Les autres nouvelles furent moins bonnes. Merry, resté dehors toute la nuit, revint au galop vers dix heures. « Une bande importante se trouve à environ quatre milles d’ici, dit-il. Ils suivent la route venant de Carrefour, mais bon nombre de brigands errants les ont rejoints. Ils doivent être près d’une centaine, et ils mettent le feu partout sur leur passage, maudits soient-ils ! »
« Ah ! Ces gens-là vont pas rester pour bavarder, ils vont nous tuer s’ils le peuvent, dit le fermier Casebonne. Si les Touc arrivent pas bientôt, on ferait mieux de se mettre à couvert et de tirer sans discuter. Il va forcément y avoir de la bagarre avant que tout soit réglé, monsieur Frodo. »

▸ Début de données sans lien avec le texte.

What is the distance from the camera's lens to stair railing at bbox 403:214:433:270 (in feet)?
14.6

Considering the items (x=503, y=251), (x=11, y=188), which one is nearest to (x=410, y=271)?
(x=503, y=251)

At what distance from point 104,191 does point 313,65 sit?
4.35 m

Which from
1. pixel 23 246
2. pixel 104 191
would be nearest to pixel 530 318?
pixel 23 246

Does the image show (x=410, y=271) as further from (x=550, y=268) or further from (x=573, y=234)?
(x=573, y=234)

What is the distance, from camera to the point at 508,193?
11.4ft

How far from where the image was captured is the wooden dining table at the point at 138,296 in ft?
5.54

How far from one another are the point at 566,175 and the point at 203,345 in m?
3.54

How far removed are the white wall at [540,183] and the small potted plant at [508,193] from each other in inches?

Mais les Touc arrivèrent bientôt. Ils entrèrent au village avant peu, forts d’une bonne centaine, marchant de Tocquebourg et des Côtes Vertes avec Pippin à leur tête. Merry disposait à présent d’une hobbiterie assez nombreuse et solide pour s’occuper des bandits. Ceux-ci, rapportèrent les éclaireurs, formaient un groupe serré. Ils savaient que la campagne s’était soulevée contre eux, une insurrection qu’ils entendaient visiblement écraser sans état d’âme, en son centre à Belleau. Mais si déterminés qu’ils étaient, ils ne semblaient compter aucun chef dans leurs rangs qui comprît l’art de la guerre. Ils avançaient sans la moindre précaution. Merry eut tôt fait d’établir ses plans.
Les bandits arrivèrent, martelant la Route de l’Est ; et sans s’arrêter, ils s’engagèrent sur la Route de Belleau qui montait sur une certaine distance entre de hauts talus, eux-mêmes surmontés de haies basses. Derrière un tournant, à environ un furlong de la grand-route, ils tombèrent sur une forte barricade, faite de vieilles voitures de ferme renversées. Celle-ci les arrêta. Au même moment, ils s’avisèrent que les haies des deux côtés, juste au-dessus de leur tête, étaient entièrement bordées de hobbits. Derrière eux, d’autres hobbits sortirent encore quelques charrettes dissimulées dans un champ, leur coupant ainsi la retraite. Une voix les interpella d’en haut.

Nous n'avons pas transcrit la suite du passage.